I knew a gal who had her hair styled once a week and preserved the hairdo in the same way -- by the time she was due for her next appointment her hairdo was squashed, and her hair was pretty gross with a week's worth of hairspray on it.

Anonymous said...

ha! love the bump it story!
Those things are deadly!

and the Wasilla pageant .. aye
Sarah certainly was "pretty" but pageant pretty.. oh my
And her butt was tightly clenched like a fist back then .. when she walked you could see it.. sorry but I stared at her flat hiney

Even back then she was wound up with a bizarre anxiety
and remember the flute playing?
with her wild eyes zipping this way and that.. who's watching me? See I can toot this horn!!
She couldn't even enjoy the lovely tune of her flute.


Quite pathetic her followers are in love with the fake role she played and still plays
They fell in love with her hockey mom, runner, changing diapers and nursing with blackberries.. just a big hearted gal that has the energy of the energizer bunny

thank god I am not the only one that sees below the surface she is one strange cookie

and a wig yes!! Her head always looks like the hair is sittting on top of it..
In her old Wasilla photos she had scragely hair.. or like the infamous "pool side" photos.. she has the skinniest pony tail ever..

Drew said...

Anon @ 22 September 2009 18:19

No Sarah was'nt the only contestant in that Miss Wasilla pageant because she came in 2nd place with 1st place being won by a beautiful, smart black lady!!

You Betcha!!

Anonymous said...

I have run in Hong Kong. I soooo look forward to the reports of serious runner Sarah doing the same.

gracie said...

Drew : a beautiful, smart black lady and a successful one also too !

regina said...

Sarah was second runner-up, so she came third, really...

Anonymous said...

I wonder if she will run in Hong Kong wearing a Bumpit.

Anonymous said...

I thought she won miss Wasilla but lost miss Alaska ???

regina said...

Anon@00:15,

Yes she won Miss Wasilla and came third in the Miss Alaska pageant.

Anonymous said...

OK. So she must have been the only contestant at the Wasilla pageant.

crystalwolf aka caligrl said...

That is bad...TATTOOED lip-liner!
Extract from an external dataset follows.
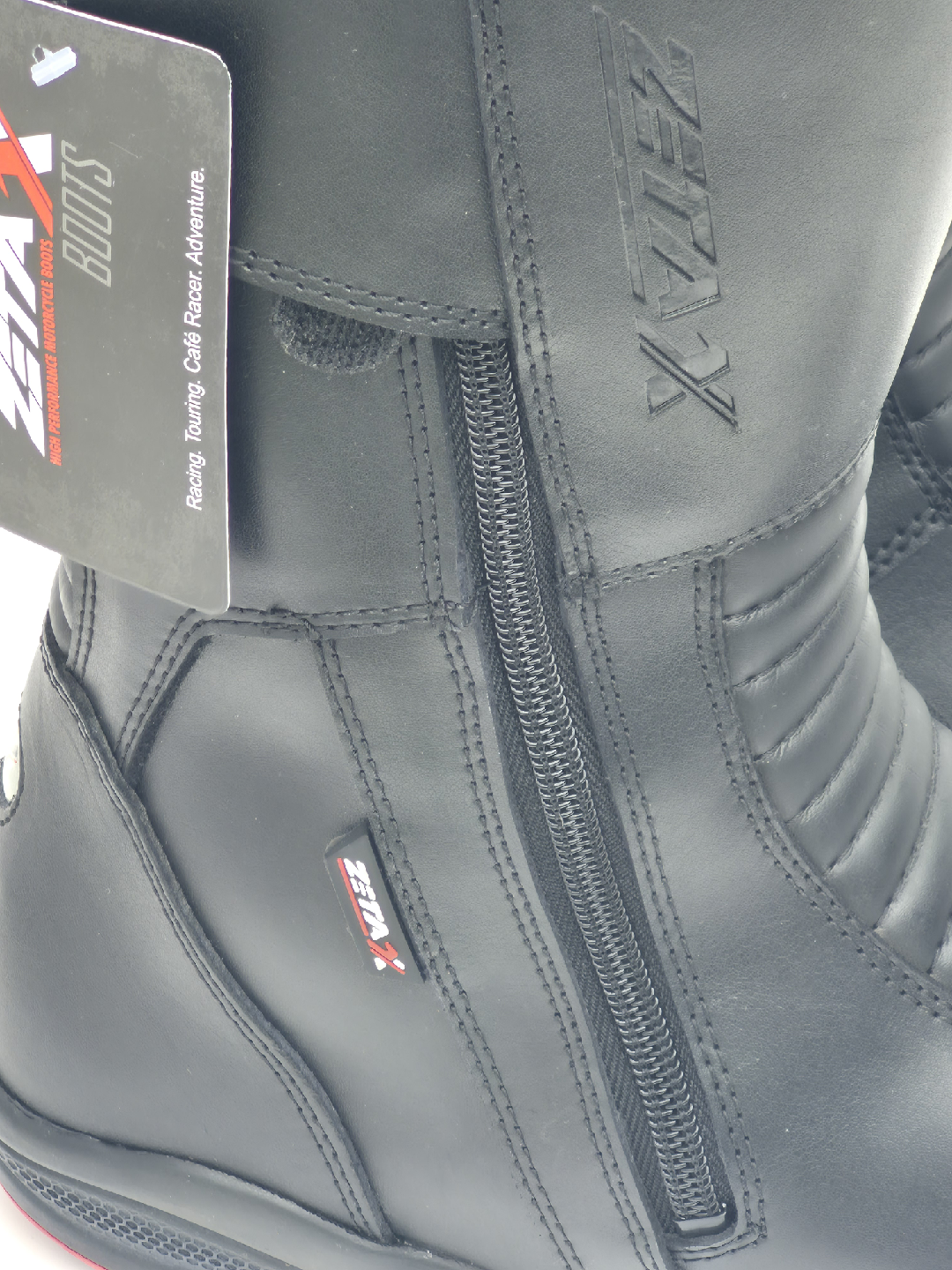 ZTX Motorcycle Riding Boots - Black - photo 3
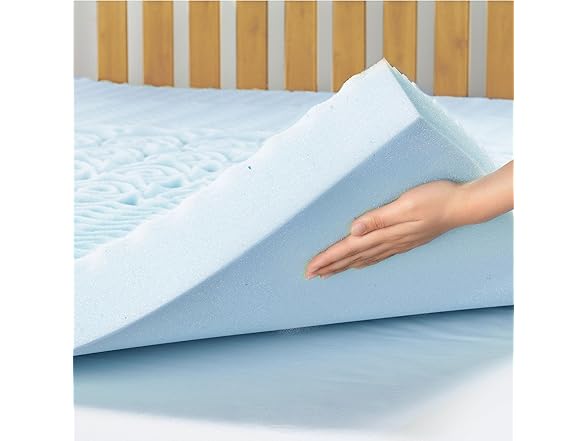 Mellow 4 Inch 5-Zone Memory Foam Mattress Topper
Ewww!
Reg...you always have the ugliest most psycho pic of the Grifter...TeeHee, I love it!!!!!!
Thanks Reg :)

crystalwolf aka caligrl said...

Kajo! Yes! that is a wig!!!!
Everytime I see a "bumpit" in walgreens I think of her... :(
Do ya think they made her blond for Hong Kong??

Anonymous said...

That lip liner is some fugly tattoo, LOL!

GROSS!

susan banks said...

I totally agree with the true fact that these bailouts did nothing good for anyone. They just helped the rich get their “Bonuses” and in stack of million dollars at a time. That’s where the money went. It didn’t help the “little people” the citizens of the US keep afloat.

Chris Brown said...

She should shut her mouth already and just get on In life...

Anonymous said...

Hey "Susan Banks," do you work for C4P? Or is it Glenn Beck? Paid troll much?